** Provided data **
#####

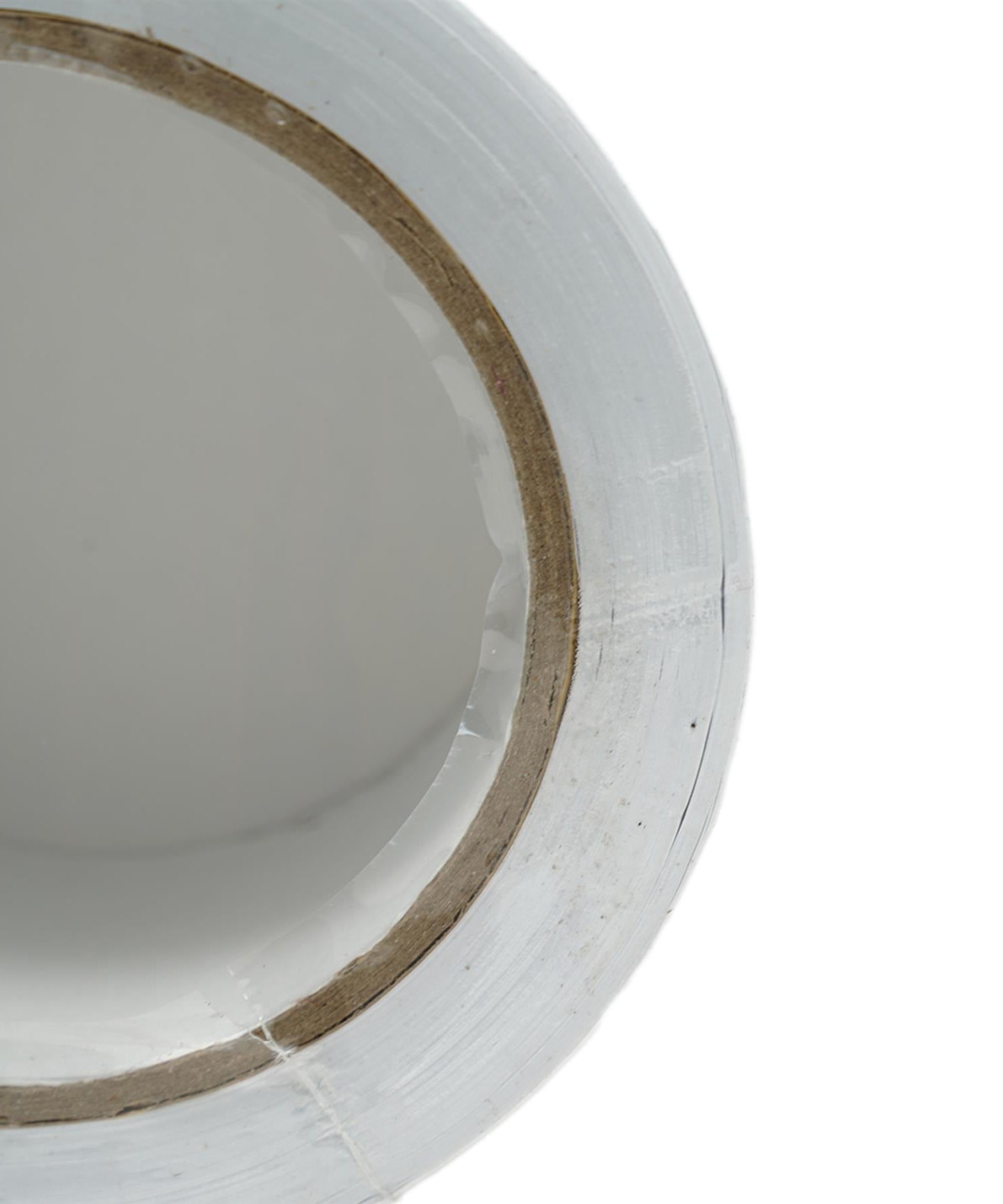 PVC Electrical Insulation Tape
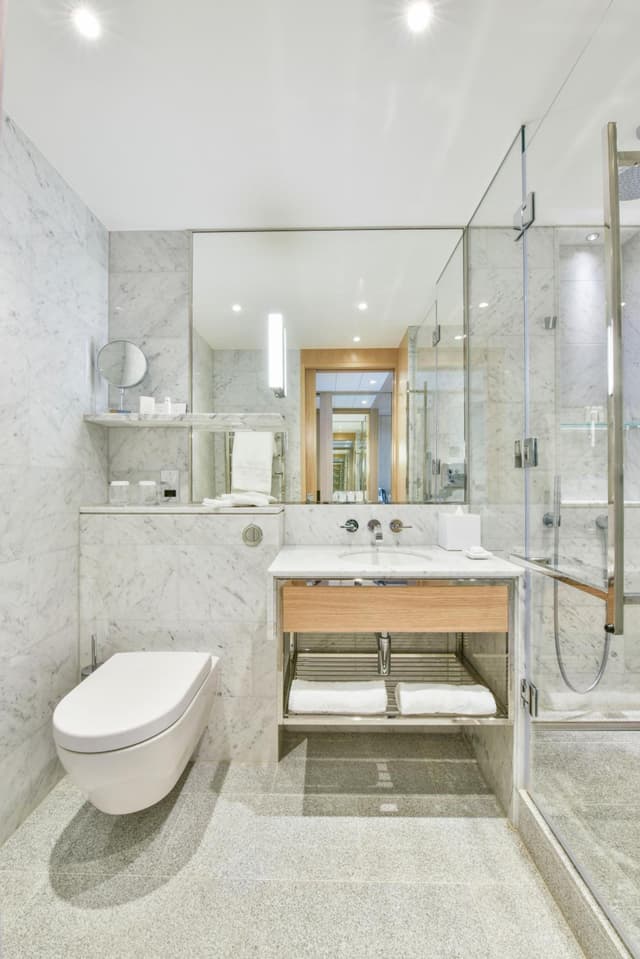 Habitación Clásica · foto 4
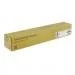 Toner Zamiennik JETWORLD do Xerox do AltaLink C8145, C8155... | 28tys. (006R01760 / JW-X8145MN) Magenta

#####

Would you output the data above exactly as written, but with no images?

 PVC Electrical Insulation Tape
 Habitación Clásica · foto 4
 Toner Zamiennik JETWORLD do Xerox do AltaLink C8145, C8155... | 28tys. (006R01760 / JW-X8145MN) Magenta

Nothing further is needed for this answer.